A large part of debate is doing research and gathering evidence to support your arguments. While it may seem like a daunting task at first, over time doing research will become second nature and it is really necessary.
What constitutes good Evidence?
While you can find all sorts of quotes in support of a premise, certain sources will inevitably be better than others. It's necessary to gather evidence first because you always want to capitalize on the prestige of somebody important who has made the argument before you and second because they can probably say it better than you can.
Type of Source
The first way to determine whether a source is a good one to use for evidence is to consider where it comes from. Newspapers, articles, studies, and academic references are in general good sources because they come from a peer-reviewed body of work that has been ensured to be of sufficiently high quality. Good places to look for such articles are Google Scholar or Lexis Nexis.
Places that you should not cite as evidence are personal websites or blogs. In general, the language tends to be less professional and because there is no peer review process, there is no guaranteeing that facts they cite are actually true. Note: this holds true even if it happens to be the personal blog of a well-known member in the appropriate field. Because it is there personal site, there is no way to hold them accountable for what they say.
Another important thing worth considering are the qualifications of the author you are citing. Normally, this doesn't end up being too much of an issue. Most published works are written by qualified authors, but there are a few notable exceptions. One thing to make sure of is that the author you cite has a degree in a relevant field. If you're citing an economics professor who is discussing the chemical side-effects of dumping sewage waste, then that professor probably isn't qualified.
Besides simply what a person's formal academic background is or where they went to school, it's also worthwhile to consider other positions they may occupy. For example, if that same professor was on the board of the Chemical Waste Aftereffects Committee, she may in fact be very qualified. One thing to keep in mind though is that even though you can compare your evidence on the basis of the competency of your sources, in general it is not effective to directly compare the schools where the two authors are employed. For example, just because one professor works at Harvard while the other works at UC Santa Barbara, it does not directly follow that one is more qualified than the other.
Further, a good way to determine whether a source is good is to see when it was published. This is especially valuable when discussing current events or things that can vary wildly from day to day, like politics. While in general, recent is better that isn't always the case. If you want to make an argument regarding the efficacy of nuclear deterrence during the Cold War, it shouldn't matter too much whether your article is from 2005 or 2011. You should pay attention to recency only when it is likely that some event in the intervening time period may have sparked a change that would affect your argument.
How to "Cut Cards"
What exactly is a card?
A card is another name for a short piece of evidence, and the name is leftover from the days of yore when quotes used as evidence were handwritten on index cards. When it comes to gathering evidence, it takes more than just finding a good quote that backs up your claim. You also have to selectively edit out words and phrases that don't add to your argument while at the same time preserving the original meaning of the passage.

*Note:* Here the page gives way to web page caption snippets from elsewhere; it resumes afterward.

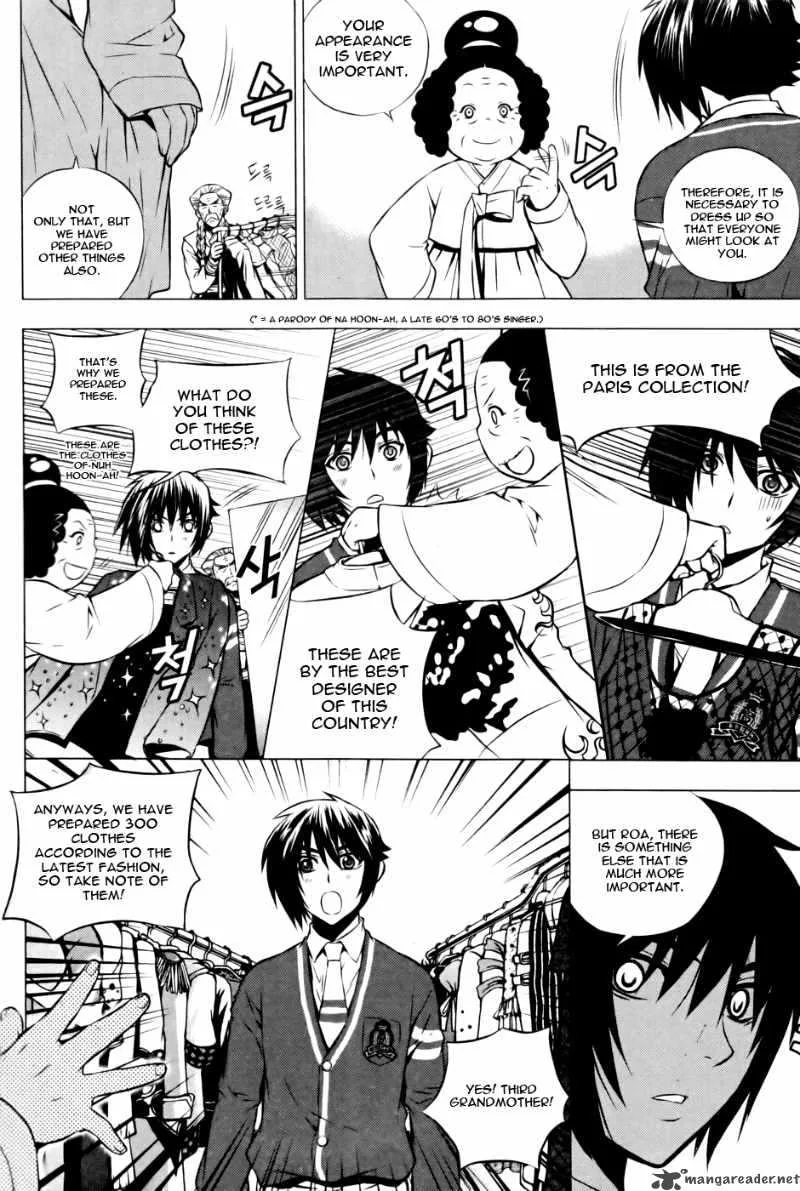 Dragon Who Chapter 10 page 6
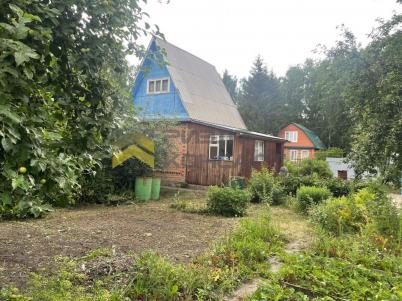 Продажа дачи Омск. г Омск, тер.СОСН Нефтехимик, д 1546А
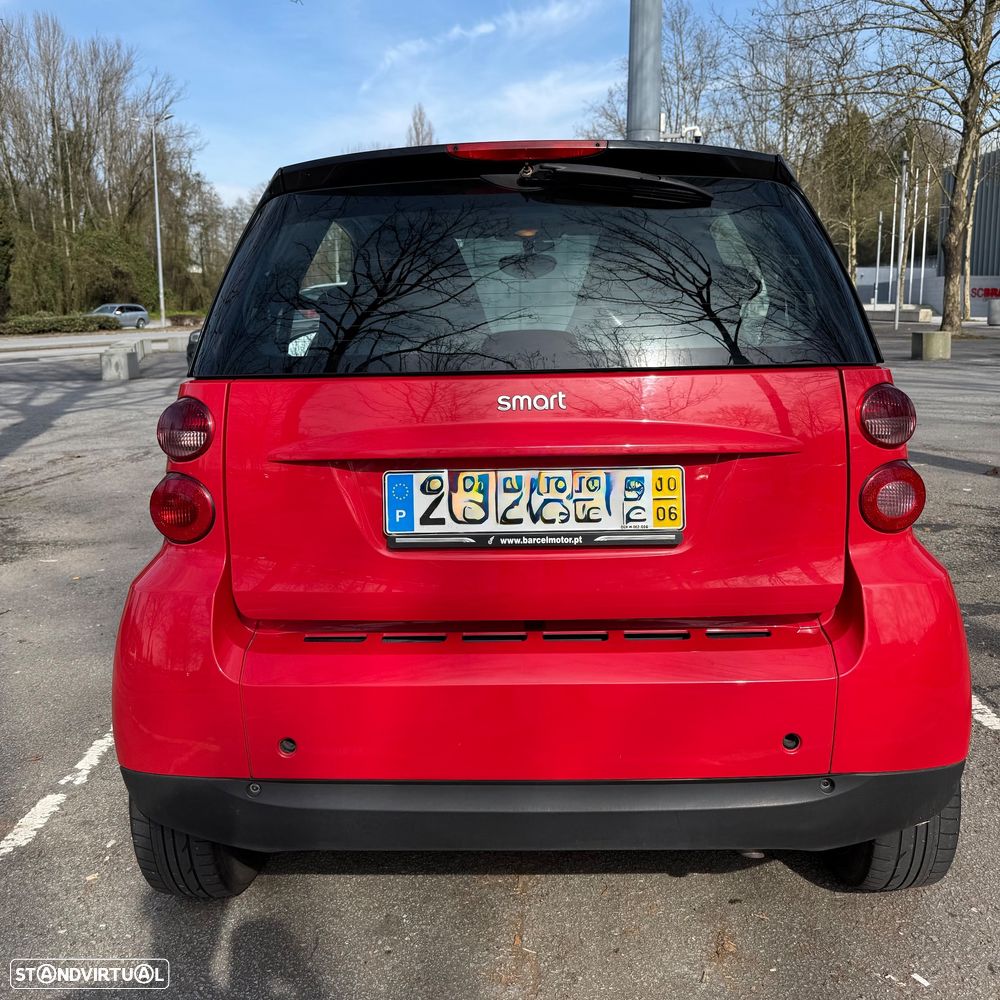 Smart ForTwo Coupé - 2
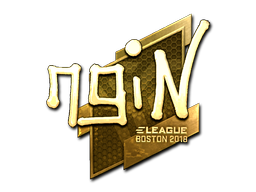 ngiN (Gold) | Boston 2018/20fx20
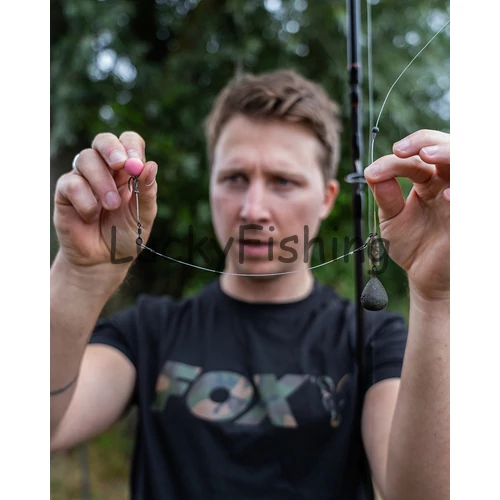 Fox Edges Link Illusion Flurocarbon Zsinór (krimpelhető) 25lb/0.53mm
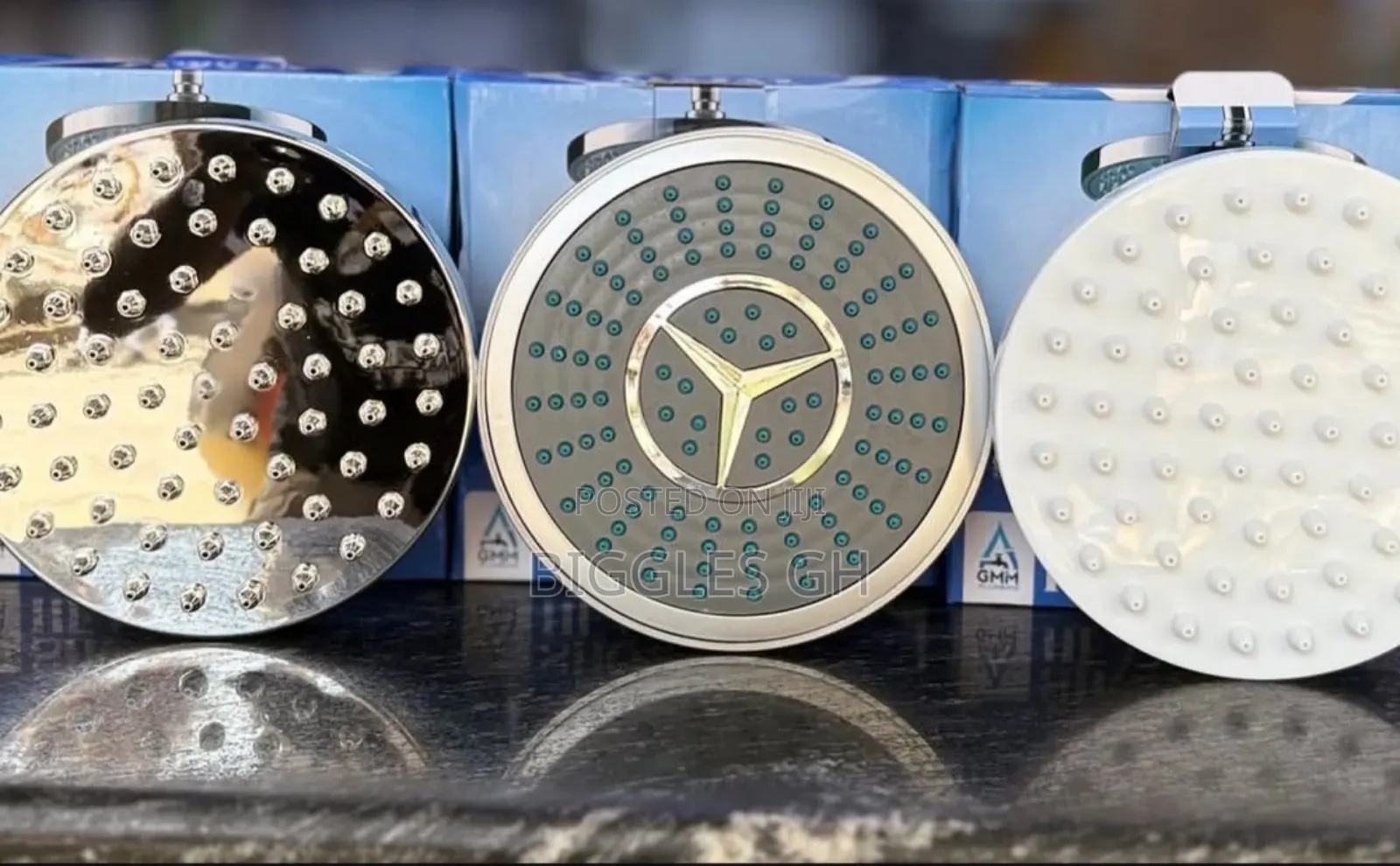Shower Heads
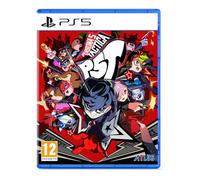 Sega - Jeu PS5 - Persona 5 Tactica - E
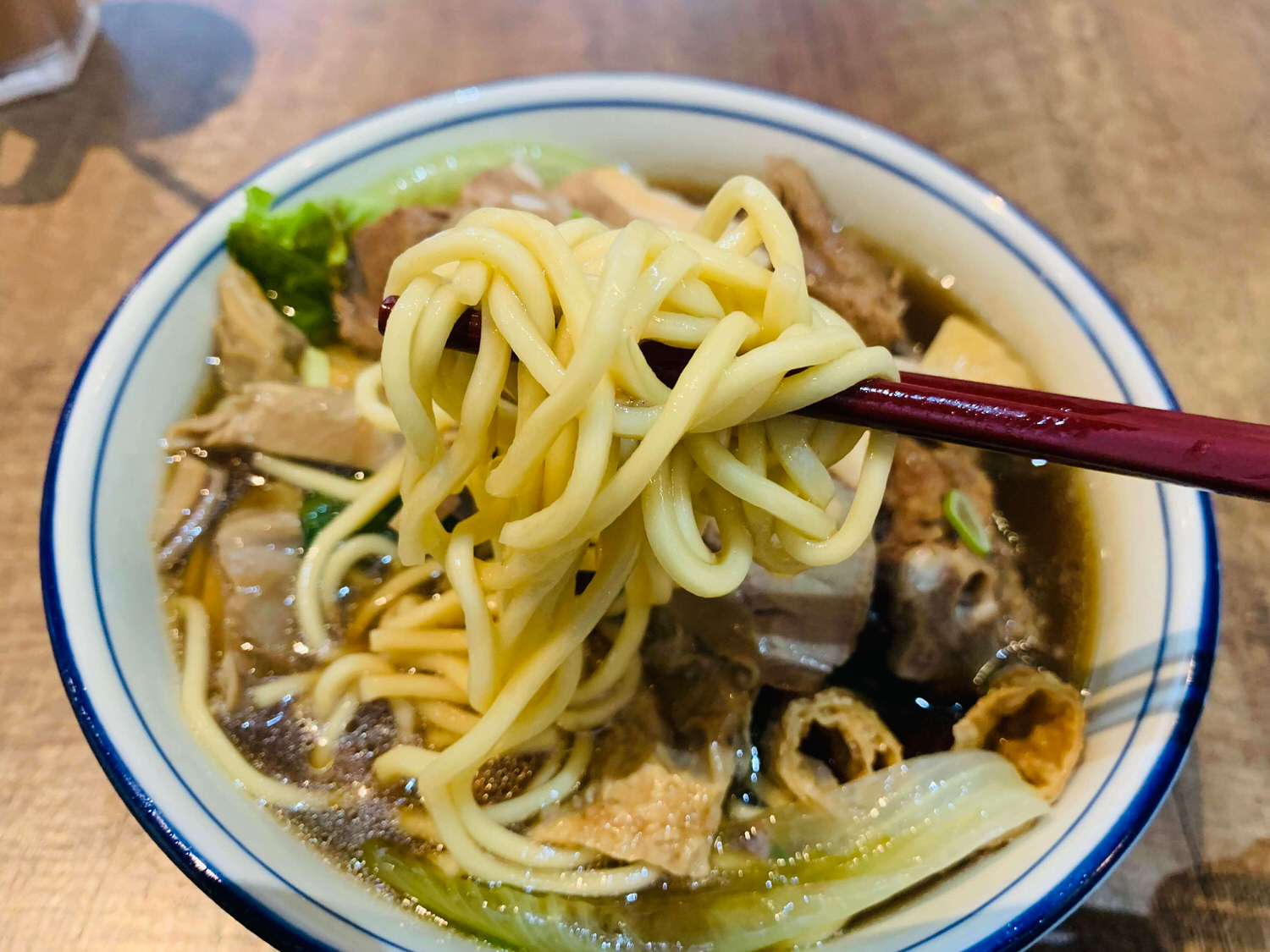 【台北科技大樓美食】池先生-大安區馬來西亞特色料理,肉骨茶麵滿滿都是肉,肉食控必點ㄚㄚ!! - 第19張圖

While it may seem foreign, this practice is widely accepted because of the benefits it has. Though six minutes may seem like to an eternity for you initially, it really is a very limited time slot during which you can present your arguments. Thus, the more concise your arguments can be, while still preserving their meaning, the more arguments you can provide in defense of your position.
In selectively editing out words, it is important not to just delete them but to instead either reduce their size or put all other words in boldface. This is a precaution taken to ensure that you are accurately representing the evidence and not editing it in such a way as to alter its meaning. Below is an example of a card (where bolded words represent edited out, also known as "lined down," parts of the card):
The United States has two sorts of sanctions in its arsenal: trade and economic. Trade sanctions remove what the government calls "preference programs"--basic privileges, like Most Favored Nation trade status or Import-Export Bank loans, given to all friendly countries. The United States has imposed trade sanctions on nations that, for example, close their markets to its goods (China), sell arms to hostile regimes (Pakistan), and violate human rights (Myanmar). Trade sanctions are reprimands, tailored to reform a sanctioned country's behavior without completely alienating it. If trade sanctions fail, the president can adopt the more draconian economic sanctions, which do aim to alienate. Economic sanctions can include trade embargoes, bans on cash transfers and loans from American financial institutions, and measures that prevent access to American assets. Because economic sanctions can strangle an economy, they are considered one step shy of war. Indeed, it has become almost a diplomatic necessity to level sanctions prior to military intervention, to show that all other options have been exhausted.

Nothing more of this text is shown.